Colombie : les Farc passent aux aveux
C’est l'un des hauts cadres des Forces armées révolutionnaires de Colombie qui s’est présenté devant la presse. «Comme force politico-militaire belligérante dans le conflit social et armé en Colombie depuis plus de 50 ans, il est évident que nous sommes intervenus de manière active et nous avons eu un impact sur notre adversaire et, d'une certaine manière, nous avons affecté la population qui a vécu au milieu de la guerre», a admis Pablo Atrato. Pour les observateurs, que ce dirigeant des Farc ait consenti cet aveu est un signe prometteur.
Engagés depuis deux ans dans un processus de réconciliation avec le pouvoir à Bogota et son président de centre-droit Juan Manuel Santos, les guérilleros marxistes des Farc, les plus nombreux du pays avec 8.000 membres, sont apparemment entrés dans une nouvelle phase. Et même si cette phase «peut encore prendre deux ans, nous pourrions assister à une diminution de la violence» avance Eduardo Celis, expert du centre de recherches Nuevo Arcoiris, spécialisé dans les conflits armés en Colombie.
Le gouvernement colombien réclamait depuis longtemps de la part des Farc une reconnaissance explicite de leur responsabilité dans les dommages causés aux civils, ainsi qu'un engagement à apporter réparation aux victimes. N’avait-il pas lui-même fait le premier pas ? Le 25 juillet 2013, le président Juan Manuel Santos avouait en effet que l'Etat colombien avait été «responsable, parfois par omission, parfois de manière directe, de graves violations des droits de l'Homme et d'infractions au droit humanitaire international survenues au long de ces cinquante années de conflit armé interne».
Le conflit colombien, le plus vieux d’Amérique latine, a fait 5,3 millions de déplacés et 220.000 morts, selon les chiffres officiels.
Juan Manuel Santos a été réélu en juin 2014 avec pour mission de faire la paix avec les guérillas de son pays dont les Farc
Le sujet le plus épineux : l’abandon des armes
Pendant les pourparlers qui se déroulent à La Havane, aucun cessez-le-feu n’a été décidé sur le terrain. De plus, la présence de participants guérilleros recherchés par les forces de l’ordre, même si elle est indispensable à l’avancée des travaux, révolte l’opposition et une partie de l’opinion.

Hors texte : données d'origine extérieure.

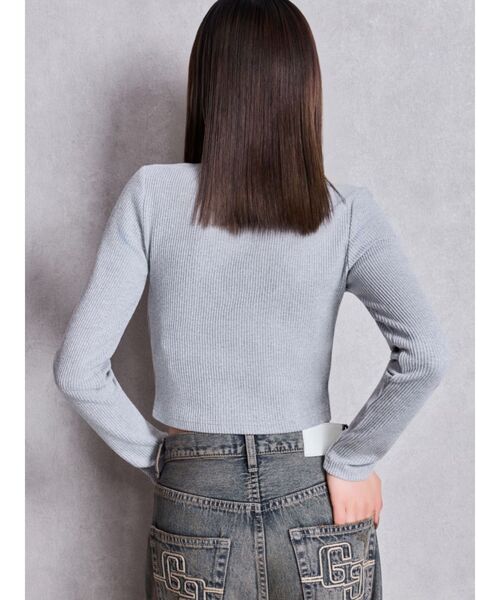 GYDA(ジェイダ)の「GDロゴラインストーンテレコトップス(Tシャツ/カットソー・レディース・ブラック/グレー/オフホワイト・FREE)」の6枚目の写真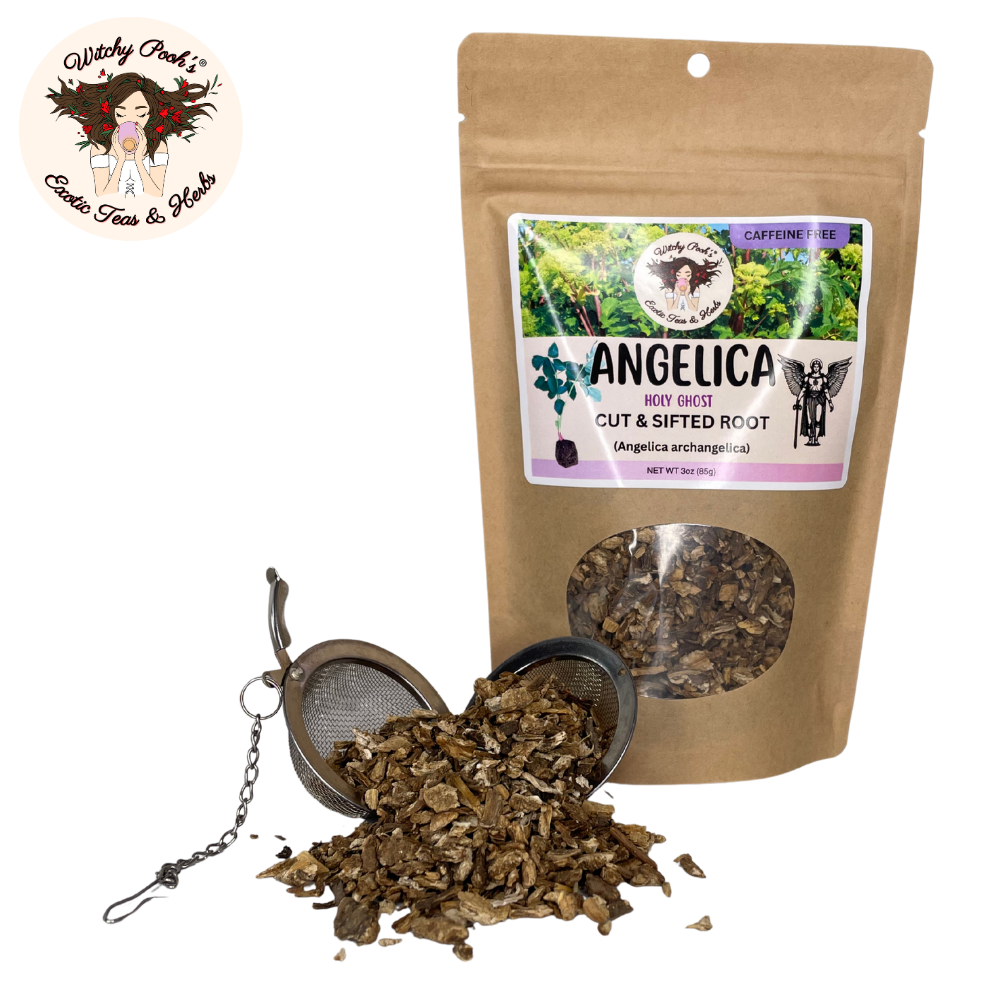 Witchy Pooh's Exotic Teas & Herbs – Chá solto por atacado – Chá de Angélica da Bruxa Pooh - Raiz Cortada e Peneirada, Espírito Santo11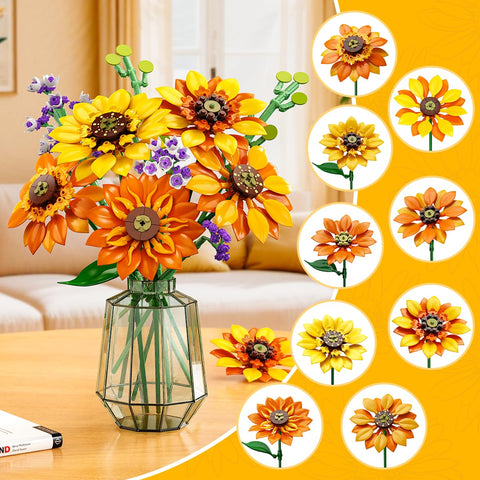 CUBIMANA Blumenstrauß Sonnenblumen-Bausatz mit LED-Lichtern
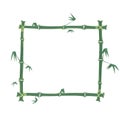 Green bamboo border. square bamboo frame Royalty Free Stock Photo
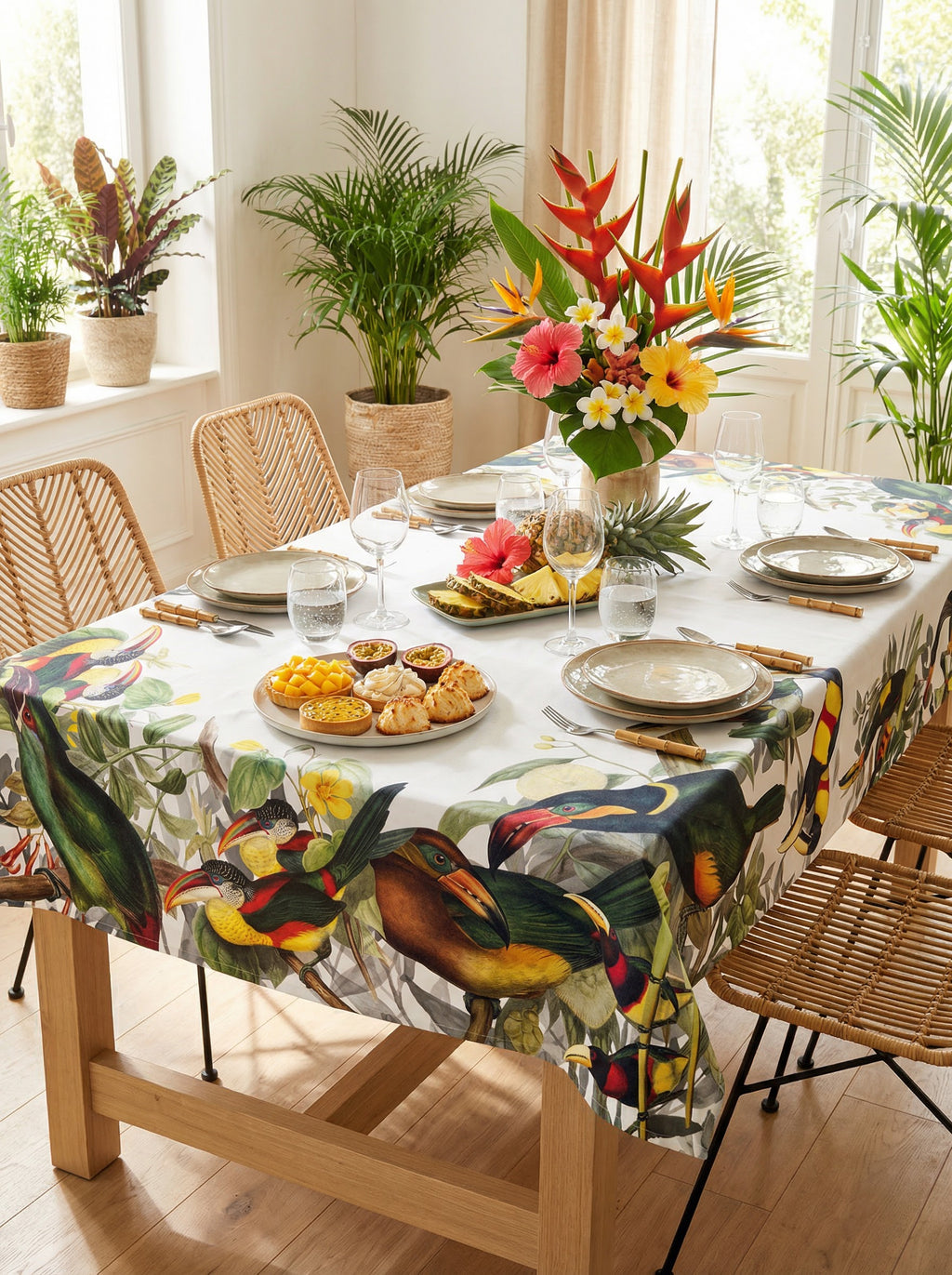Tablecloths «Toucans» 100% Made in Italy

Pour les plus hostiles, dirigés par l'ancien président conservateur et actuel sénateur Alvaro Uribe, la présence à Cuba la plus intolérable est celle du commandant «Romaña», responsable des pêches miraculeuses, ces enlèvements opérés au hasard des routes des environs de Bogota. Comme un pied de nez à cette agitation, Romaña, lui, s’est payé le luxe d’un brin de provocation : «Notre arrivée illustre la confiance des Farc dans la paix». «Il y a des grosses couleuvres à avaler», a reconnu le président Juan Manuel Santos à la télévision nationale, «mais c'est le seul moyen de parvenir à la paix».
Il reste néanmoins un chapitre de taille à aborder, celui des armes détenues par les Farc dont il est évident dans les rangs du pouvoir qu’elles devront s’en défaire. Ce n’est pas une simple formalité. Ca pourrait même représenter, selon la directrice de l’Observatoire pour la Paix en Colombie, Vera Grabe, ancienne militante, un véritable traumatisme qui remonte aux années 50, lorsque des miliciens démobilisés avaient été abattus avec leurs propres fusils.
Quand la question sera mise sur le tapis, l’atmosphère pourrait se tendre. Les Farc, d’un côté, ont exclu toute cérémonie les montrant en position soumise de celui qui se rend. «Personne n’aura la photo de la remise des armes par les Farc» a prévenu l’un des négociateurs. De l’autre côté, le représentant du gouvernement, l'ancien vice-président Humberto de la Calle, rappelle la règle: pas de paix qui vaille sans la démobilisation totale et la remise de leurs armes par les guérilleros.